I was stupefied to say the least. I couldn't believe it. He was going to break up with me. This was a breakup speech. I know my life was a little complicated but he was giving up on us!
"I am 35 years old, Stephanie. I really need some normal in my life. I don't think you can do normal. I have been thinking about this a lot, I don't want to tell you how to feel, or tell you what you can and can't do with your life. It isn't fair. I want things that I don't think you can give me anymore."
I took a deep breath. I was pinching myself, trying to make this go away. This had to be a nightmare. This was not happening to me.
"Day in and day out, I see horrific things." He said. "When I get home, I want to shut it off. I want to have a family that shields me from the horrors of what I go through every day. I want a stable relationship that I am not worried about. I want kids, and I want them to grow up safe and out of harm's way. I just don't think that is what you want, or need anymore. Stephanie, you are a walking disaster. I love you, damn it, but I can't be with you anymore. There is no future in this."
Crap. I can't believe this is happening. I felt sick. I wanted to throw up. I held my breath and counted down. I couldn't talk. I just sat there with a half eaten sandwich in my hand. He called me a walking disaster. I finally sat the sandwich on the counter, and tried to steady myself.
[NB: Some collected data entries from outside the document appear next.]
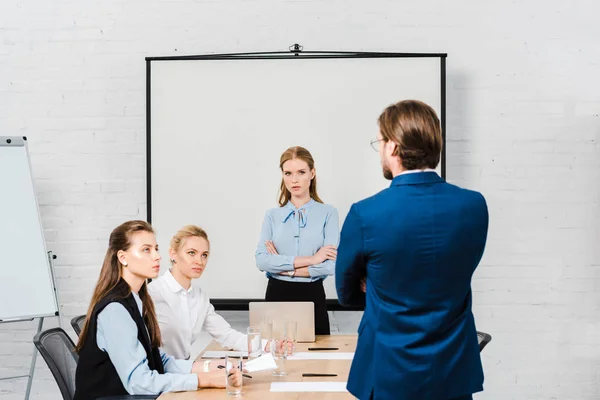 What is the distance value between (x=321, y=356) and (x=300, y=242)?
93cm

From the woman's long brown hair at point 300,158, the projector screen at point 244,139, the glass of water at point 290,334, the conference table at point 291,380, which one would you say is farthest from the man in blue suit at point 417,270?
the projector screen at point 244,139

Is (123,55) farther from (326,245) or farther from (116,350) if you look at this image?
(116,350)

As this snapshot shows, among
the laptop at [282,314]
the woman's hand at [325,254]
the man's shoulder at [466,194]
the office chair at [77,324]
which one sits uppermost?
the man's shoulder at [466,194]

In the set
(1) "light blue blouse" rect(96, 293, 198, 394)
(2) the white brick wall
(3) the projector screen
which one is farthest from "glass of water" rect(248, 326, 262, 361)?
(2) the white brick wall

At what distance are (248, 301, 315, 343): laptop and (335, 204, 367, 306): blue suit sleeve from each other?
87cm

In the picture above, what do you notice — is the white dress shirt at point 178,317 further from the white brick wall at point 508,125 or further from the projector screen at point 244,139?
the white brick wall at point 508,125

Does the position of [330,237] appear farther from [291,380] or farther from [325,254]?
[291,380]

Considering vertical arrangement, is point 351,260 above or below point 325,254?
above

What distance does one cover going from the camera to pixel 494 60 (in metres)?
3.99

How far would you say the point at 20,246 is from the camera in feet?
11.8

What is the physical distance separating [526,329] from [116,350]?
268 cm

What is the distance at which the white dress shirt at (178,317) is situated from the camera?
109 inches

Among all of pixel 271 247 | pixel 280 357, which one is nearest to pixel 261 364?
pixel 280 357

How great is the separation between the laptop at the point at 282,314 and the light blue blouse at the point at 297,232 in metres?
0.49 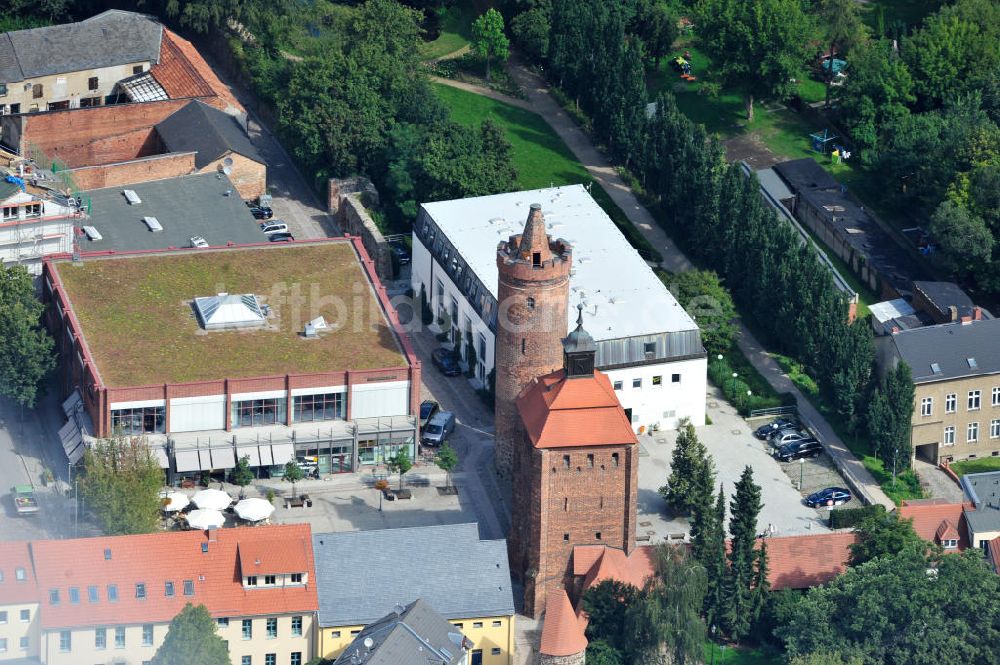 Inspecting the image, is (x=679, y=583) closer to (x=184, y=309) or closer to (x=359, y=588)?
(x=359, y=588)

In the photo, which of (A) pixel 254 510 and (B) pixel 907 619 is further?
(A) pixel 254 510

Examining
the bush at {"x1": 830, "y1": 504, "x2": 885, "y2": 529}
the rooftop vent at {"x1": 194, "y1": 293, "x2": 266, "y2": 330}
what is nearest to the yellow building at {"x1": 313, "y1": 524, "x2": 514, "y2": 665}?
the rooftop vent at {"x1": 194, "y1": 293, "x2": 266, "y2": 330}

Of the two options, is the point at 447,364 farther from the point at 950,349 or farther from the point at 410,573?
the point at 950,349

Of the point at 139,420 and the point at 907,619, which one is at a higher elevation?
the point at 139,420

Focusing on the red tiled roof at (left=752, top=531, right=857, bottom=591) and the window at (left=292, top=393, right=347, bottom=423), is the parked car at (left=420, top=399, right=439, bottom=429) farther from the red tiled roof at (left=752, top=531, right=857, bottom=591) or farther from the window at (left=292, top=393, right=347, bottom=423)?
the red tiled roof at (left=752, top=531, right=857, bottom=591)

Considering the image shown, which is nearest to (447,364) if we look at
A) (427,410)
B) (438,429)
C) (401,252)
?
(427,410)

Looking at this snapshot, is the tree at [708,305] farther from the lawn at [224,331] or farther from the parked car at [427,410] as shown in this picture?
the lawn at [224,331]

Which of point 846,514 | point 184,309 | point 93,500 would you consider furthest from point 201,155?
point 846,514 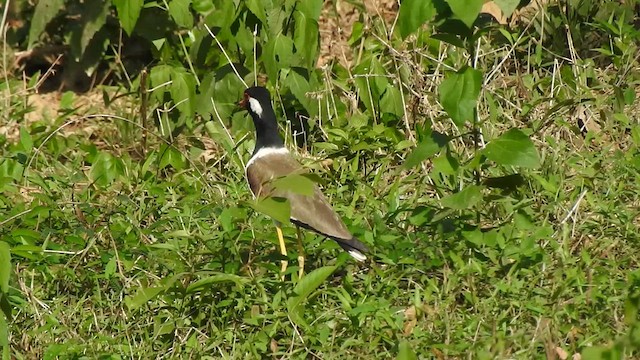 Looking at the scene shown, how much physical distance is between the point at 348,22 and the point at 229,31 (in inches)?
84.0

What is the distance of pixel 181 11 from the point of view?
7.02 meters

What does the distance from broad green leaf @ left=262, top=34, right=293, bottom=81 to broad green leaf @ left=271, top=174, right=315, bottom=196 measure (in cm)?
220

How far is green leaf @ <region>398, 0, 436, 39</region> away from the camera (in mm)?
4898

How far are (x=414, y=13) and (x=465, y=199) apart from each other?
0.84 m

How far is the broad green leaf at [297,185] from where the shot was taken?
457 cm

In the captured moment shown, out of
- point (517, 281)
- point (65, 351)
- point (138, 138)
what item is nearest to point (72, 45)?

"I need to start my life, Cupcake. I just feel like we are going in circles." He looked at me and I knew he wanted me to be okay with this. I was not okay with this. I was not okay with anything anymore. This day was like a monster. My whole life caved in, in less than 17 seconds, I had lost everything.
Joe stayed with me for a little while longer, then took the coward's way out and said he had to get back. Bob would want to go out, and he needed to think. I couldn't talk. I was in shock. There were no words that I could come up with. My life as I knew it was getting up and leaving. All I could do was wait for this nightmare to end.
Before he left, he said. "Stephanie, I will always love you, more than you know. But this is my life. I need to feel confident that I can come home to someone who can be there for me, or I can't do my job.
And then he was gone. Just like that.